My library book was due.  I know the rules: you check out a book from the library, and you return said library book on time.

There are different types of checkout situations at the library; some books can be renewed three times, some books need to be returned after three weeks.  Various items carry with them various overdue fines.  The menu is simple to navigate: X book + Y time – Overdue Rates = free book to read.

I was a little under 100 pages to the end, and paused at a turning point in the book.

*******

It has been a shit few months, and sometimes it feels as if we’re on a messed up board of Snakes and Ladders, where someone has removed all the ladders and left only the snakes.

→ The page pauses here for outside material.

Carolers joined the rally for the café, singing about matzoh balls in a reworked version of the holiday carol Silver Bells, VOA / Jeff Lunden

This past week has felt particularly snakey, with people not following through on things.  You’re always told that you’re not supposed to take other people’s flakiness personally.  But I do.  Maybe just to be contrary.  Maybe just because I don’t believe that it isn’t personal.  I think we put out an effort when we care about the other person; even if that relationship is transient and the care is minimal.  A waitress can care about her customers.  A reader can care about a blog writer.

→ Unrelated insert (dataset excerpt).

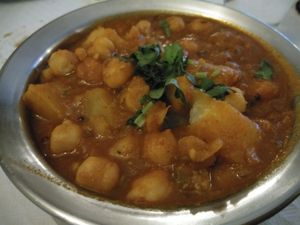 Curry de garbanzos con patatas at Azafran in Alicante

What I’m getting at is that I wanted a librarian to care about me.

As I slipped down another snake, I wanted a librarian to put her hand out and slow my fall, saying kindly, “Let me do something nice for you.”

That isn’t what happened.

*******

I drove to the library and walked up to the desk, handing in two of the three books in my hand.

“I have a huge favour to ask,” I told her, holding the third book closer to me.  “I’m about 100 pages from the end of this book, and I could finish it by Friday.  Is there any chance you could extend my checkout time by a few days?”

“No, I can’t,” she answered.

Well, yes, she could.  I’ve seen her do it.  I’ve seen this very same librarian give extra days to other people.  I’ve been in line behind people who have asked and been granted the same favour.  She could do it.  It’s a matter of hitting over-ride on the software.  I know.  I used to check in library books.

“Please.  It would mean a lot to me.  I’m at this turning point in the book.”

She finally met my eye and said, “Sorry, I can’t do anything about it.  Why don’t you come back tomorrow and check it out again?  It just has to be in the system for 24 hours before you can take it out.”

By tomorrow, the book would be on a truck, traveling back to a different library branch.

“Okay,” I said, and handed her the book.

Suddenly it didn’t really matter how the story ended.  I mean, what was the point?  The librarian didn’t care if I finished the book — and frankly, she didn’t have to.  That’s not her job.  There are rules in place, and it is her right to stick to the rules.  The author might care if I finished her book, but she had no clue that I started it so she certainly won’t know that I didn’t finish it.  And maybe I didn’t even care anymore if I finished the book.  If no one else cares, it’s hard to muster up the care, you know?

Part of me wanted to walk back into the library and tell her, “I know you owe me nothing.  I am not entitled to four extra days with a book.  But I brought it back and asked rather than being rude and making it overdue.  I support my local library both with my attention and money.  So I repeat, you owe me nothing, and it was entirely your right not to grant me the extra time.  But I just needed someone to be kind to me today.  Why couldn’t you simply be kind for the sake of being kind?  You would have made an enormous difference in my life by granting me that extra time, and just imagine the trickle effect that could have taken place where the care I received goes into spreading care to others.”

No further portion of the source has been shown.